I thought how wonderful it would be to paint these women’s portraits, as a way to honor them while giving me valuable painting experience.  The more I thought about it, the more I loved the idea of using art to do something good. Art originated as a way to communicate to an illiterate population. It seemed authentic and relevant to paint these women as a way to share the news of their accomplishments.

I Googled the women. What I found interested me and seemed important.  These women had compelling stories. They were accomplished. They had all overcome significant obstacles. They were deeply involved in their communities, in public service, and in helping others. But it seemed that the national public was hardly aware of what women like this were doing. These women were quietly changing history under the national radar.

I approached two of my painting teachers, Dawn Whitelaw and Michael Shane Neal of Nashville, to see if they would mentor me. Despite their busy careers as two of the country’s leading portrait painters, they were encouraging and supportive of the project and agreed to help me.

Two judges, Agnes Chappell and Tamara Johnson, stepped forward immediately and offered to participate. They believed in what I was doing and took a chance on me. They loved their portraits and the word began to spread. I made countless phone calls and wrote many emails, and eventually other judges came on board. Then I found out that one had an identical twin who was already a judge, and that also a District Attorney had been elected in Bessemer, the first African American female to do so. All of a sudden I had ten portraits to paint.

While I painted, I learned. A lot.

When I met these women, they did not fit my idea of what a judge looked like.  I expected, especially the more senior judges, to be very somber and dowdy. Instead I met lovely, charming, stylish women with warm smiles and kind hearts.

As I painted them over the course of countless sittings, I learned the amazing stories of their lives. They were making history.  They were trailblazers. They overcame adversity. And their motivation to become lawyers and judges was to serve their community more than to prosper themselves.  Many of them had roots in the civil rights era. Some were children in the days of segregation, some knew the families of the girls who were killed in the bombing of the Sixteenth Street Baptist Church. Others were descendants of Civil Rights leaders, and still others struggled to get an education and get out of poverty. Two attended law school as single mothers with negligible income.

I was impressed with their complete lack of an attitude of entitlement and their deep sense of fairness. They had a unique form of feminism which included a large portion of Southern charm.  While they were clearly strong women, they to a fault carried themselves with decorum and courtesy.
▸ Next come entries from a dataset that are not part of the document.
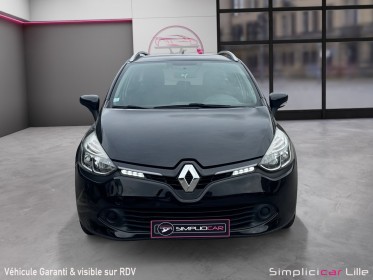 Renault clio iv estate tce 90 zen occasion simplicicar lille  simplicicar simplicibike france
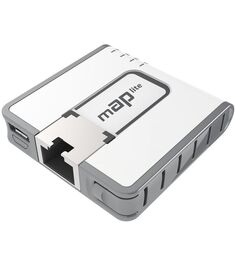 Wi-Fi роутер MikroTik mAP lite (RBMAPL-2ND)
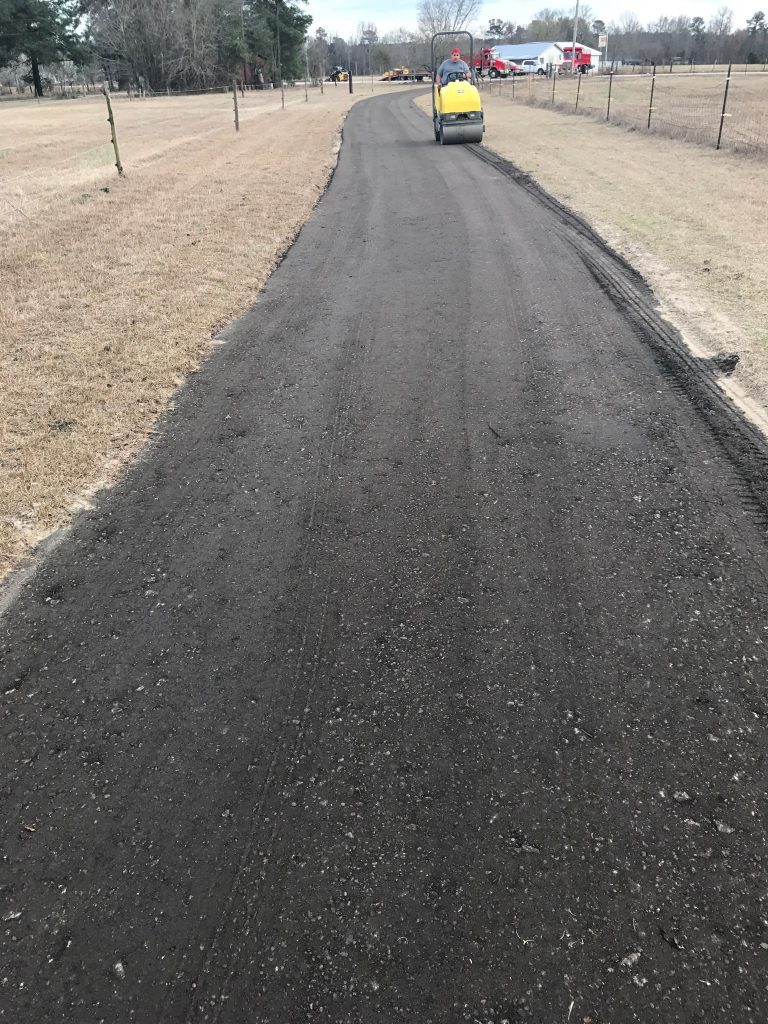 Asphalt Milling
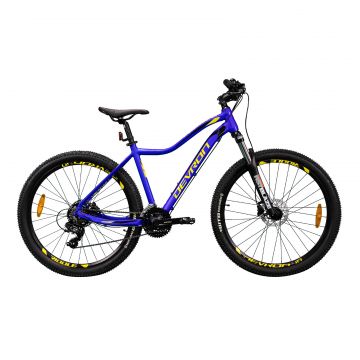Bicicleta Mtb Devron Riddle 2023 RW0.7 - 27.5 Inch, S, Albastru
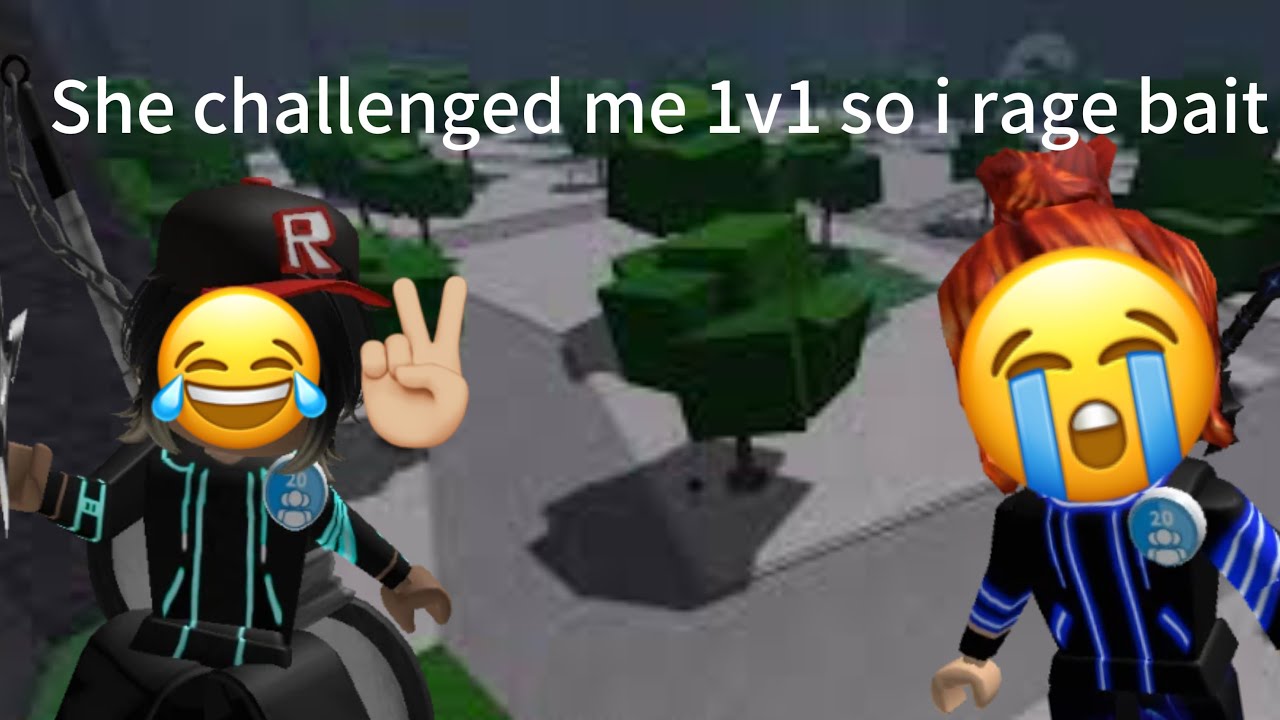 I RAGE BAITED MY EX GF BY BREAKING HER ANKLES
They had all overcome adversity and faced, and still face, racism and discrimination.  They each had stories of discrimination that frankly shocked and disturbed me.

And they all were deeply invested in their community, serving on countless boards, task forces, and community organizations. They were committed to helping African Americans move forward, especially young girls.
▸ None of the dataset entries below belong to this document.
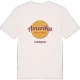 Amerika cirkel t-shirt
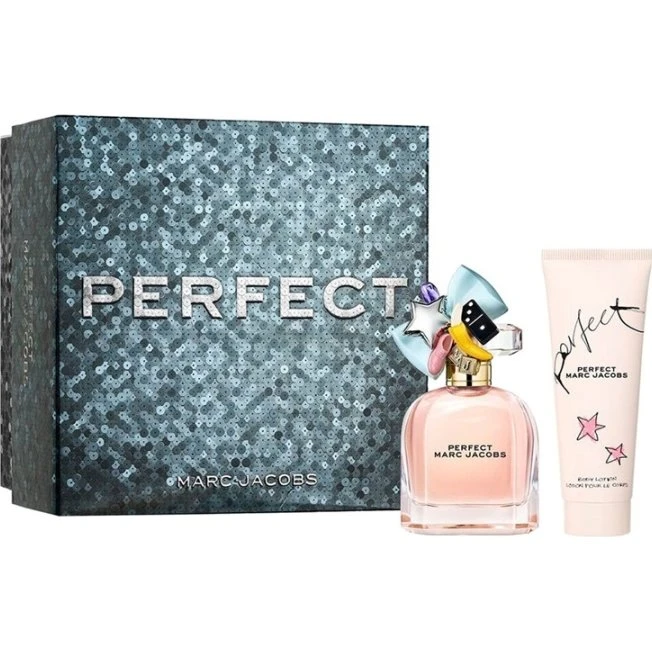 Marc Jacobs Perfect Eau de Parfum 50ml + Body Lotion 75ml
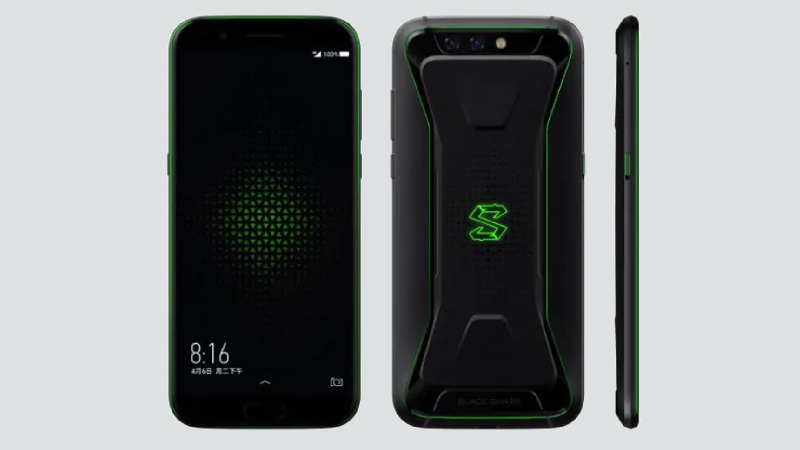 xiaomi black shark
I was curious to know the context, the back story.  What did their election mean?

Eventually the context of their victories became clear.  I began to see that they were disrupting the status quo of the court system. I could see that they brought a fresh and needed perspective system to the judicial system of Jefferson County.

There were already African American judges on the bench and even some women.  But nine elected in one election in Alabama was extraordinary, history making. I learned that Jefferson County, like other urban and suburban areas in the South, had a slim white majority that was more moderate, even progressive, and that would cross party lines to vote for a better candidate. I learned that a shift of population from Birmingham to suburbs like Hoover and Vestavia had made the county less conservative.